‘Tesser’ proves there are perks to being a dragon

Steele Giles, Staff Writer

To be perfectly honest, I get nervous when people gift me books.

 
When my uncle gave me “Tesser: A Dragon Among Us” by Chris Philbrook, I was understandably nervous. It was a book I’d never heard of, by an author of similar status.

 
I should give him more credit. “Tesser” was pretty cool.

 
The action starts in Boston with Tesser, the titular dragon, waking up to find things very different from when he went to sleep.

 
Taking a 10,000 year nap will do that.

 
Anyway, he assumes the form of a rat and, later, a man to learn about the world he now finds himself in. After becoming a minor Internet celebrity by stopping a rape in the nude (as if anyone would believe that a hobo could look like the mutant fusion of an MMA fighter and a Calvin Klein model), he becomes a bouncer at a pizza place and learns English far faster than he should by watching Kevin Smith movies and listening to people.

 
Perks of being a dragon, I guess.

 
The book flips between several characters, Tesser being but one of them.
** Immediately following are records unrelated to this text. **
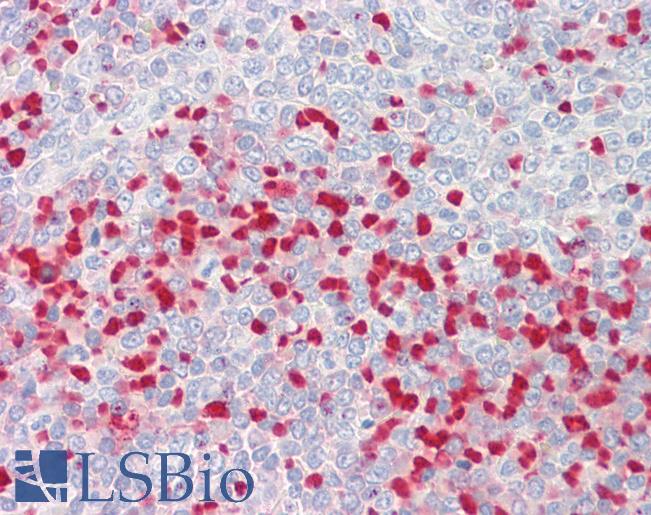 Goat Anti-MTHFR Antibody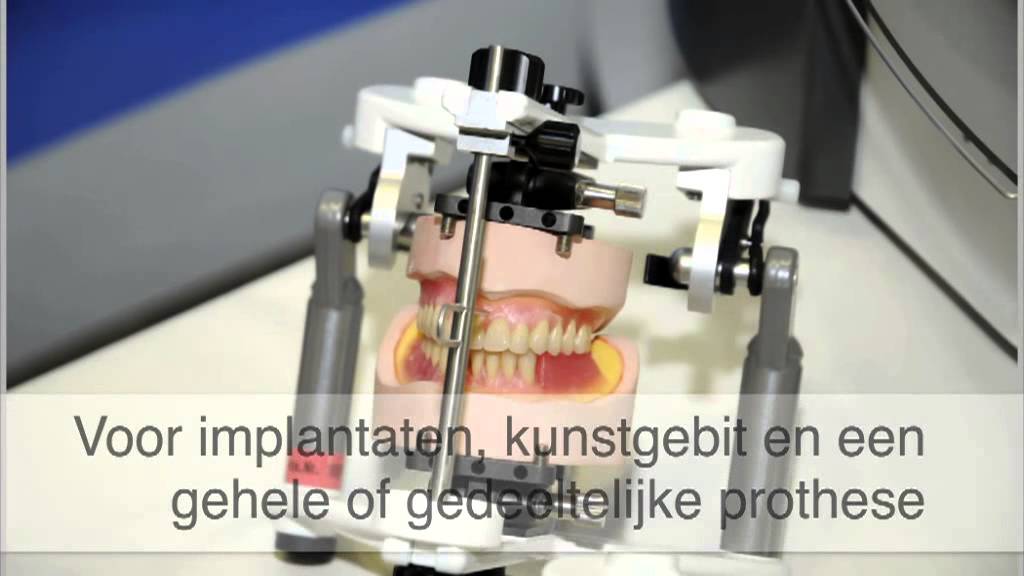 Kunstgebit - Heerlen Wladimir Schepers tandprotheticus
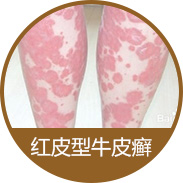 ��Ƥ��ţƤѢ��ô����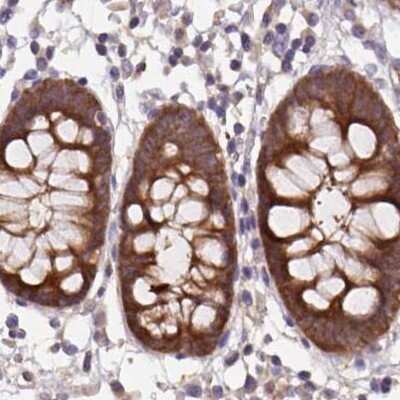 Immunohistochemistry-Paraffin: Hsp70 interacting protein HIP Antibody [NBP2-48786]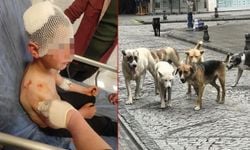 Isparta’da sokakta oynayan çocuğa başıboş köpek saldırdı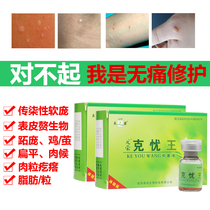 Ke warts sharp wet male and female private parts hp v virus detection podophyllotoxin tincture Pearl rash eczema warts medicine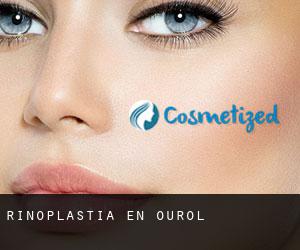 Rinoplastia en Ourol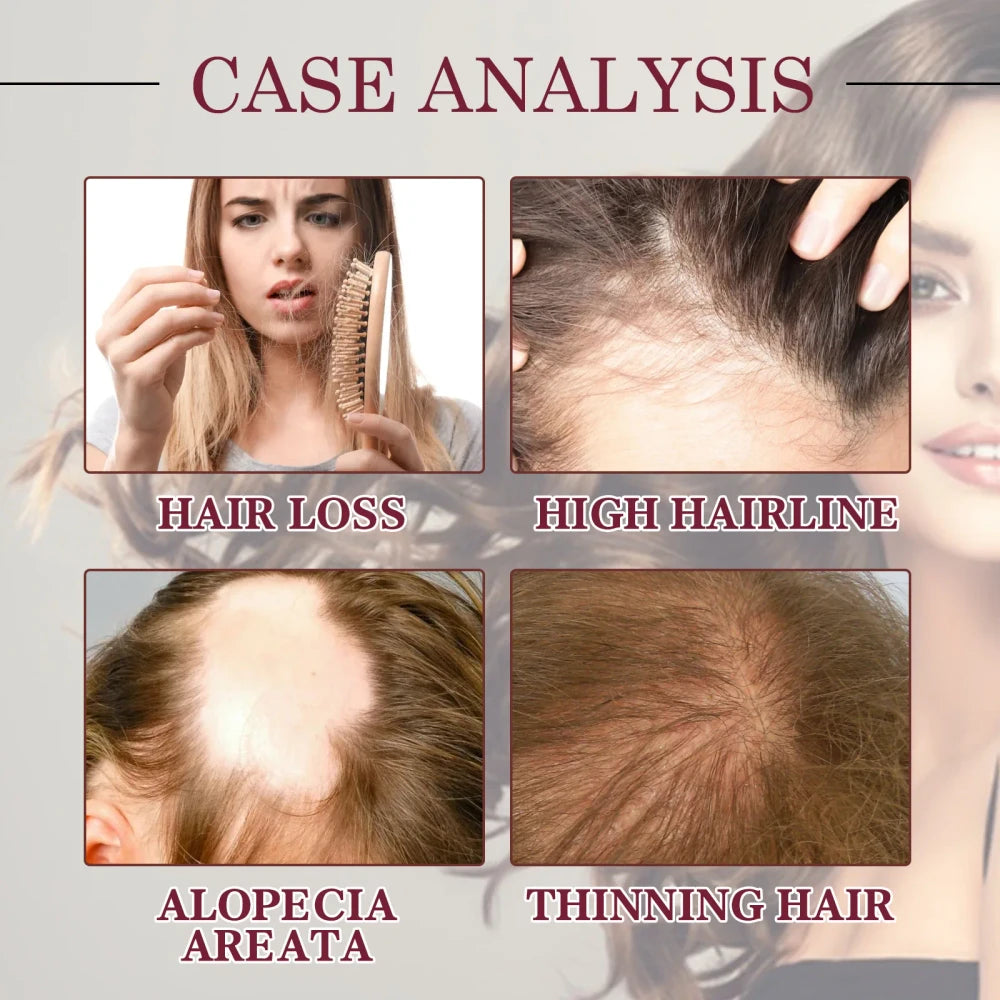 Red Onion Hair Growth Serum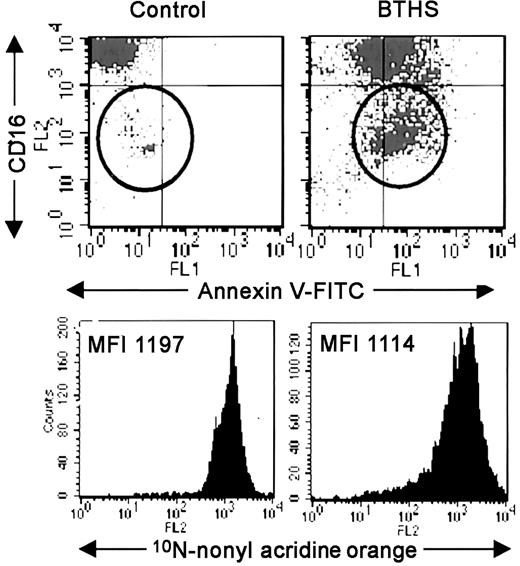 Figure 3. Normal surface expression of CD16 and 10N-nonyl acridine orange (NAO) staining in freshly isolated granulocytes from patients with BHTS. Fresh granulocytes from a control individual (left) and from a BTHS patient (right) were colabeled with annexin-V–FITC and anti-CD16–PE mAb (top; representative for 7 controls and patients tested) or stained with NAO (bottom; representative for 3 controls and patients tested) and analyzed by flow cytometry. In the top panels, CD16–/dull cells (circles) were identified as eosinophils by separate staining with anti-CD9 mAb (a specific eosinophil marker) and morphology of cytospin preparations (data not shown). In the bottom panels, values indicate mean fluorescence intensity (MFI) of NAO staining.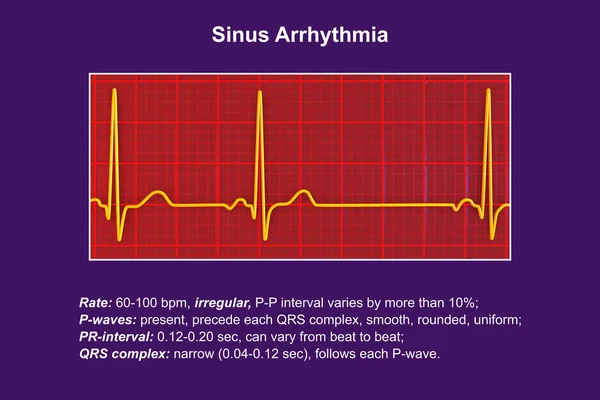 Detailní Ilustrace Elektrokardiogramu Ekg Zobrazujícího Sinusovou Arytmii Stav Charakterizovaný Nepravidelnými — Stock fotografie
There’s also a modern-day wizard’s apprentice, his mentor, the police detective who investigates Tesser’s initial appearance into human society, a chemist who becomes Tesser’s girlfriend and the man who owns the company she works at.

 
The changes in narration are quick, fluid and rarely bog down the story. Each switch serves to advance the plot, revealing details that piecemeal in a way that allows the reader to catch on to the underlying plot without heavy-handed infodumps or similar strategies.

 
Probably the biggest problem the book has, is the speed at which the plot becomes apparent, relative to how quickly the plot progresses. Almost half of the book is devoted to Tesser acclimating to human society in a fairly typical fish-out-of-water story. Then, well, things happen, and Tesser completely upsets the status quo.

 
After that, the book shifts in tone to somewhere between “The X-Files,” the “Dresden Files” and “Constantine.” Tesser’s awkwardness around people stops being as much of a problem, partly because he’s had more practice and partly because he starts reminding people that he’s a 50-foot-long dragon as old as creation itself.

 
Philbrook tells an awesome story in half the space he used for the book, and I understand he needed to set the stage but the shift was so abrupt and so total that it was like reading two entirely different stories. It was jarring, to say the least.

 
Aside from that, the book is pretty fun to read. The characters are believable and each one’s interests and profession affects what they look at and how they look at it.

 
For instance, the apprentice is a college-age man whose first response to seeing a creature that basically bleeds magic, in a world where it is dying out, is to wonder whether it is a Marvel fan. His mentor acts like a doddering old man, but he speaks of World War I like he was there and has a compendium of artifacts and contacts that spans the world and history.

 
“Tesser” also has one of the creepiest villains I’ve ever seen. Mr. Host apparently staged a hostile takeover of the uncanny valley at some point, because the security chief looks and acts human enough to show that he’s a decent fake. His departure from it at the climax is disappointing, but also logical.

 
All told, “Tesser” was an unexpected adventure I didn’t know I needed until I was done.

 
One can only hope Philbrook has more like it up his sleeve.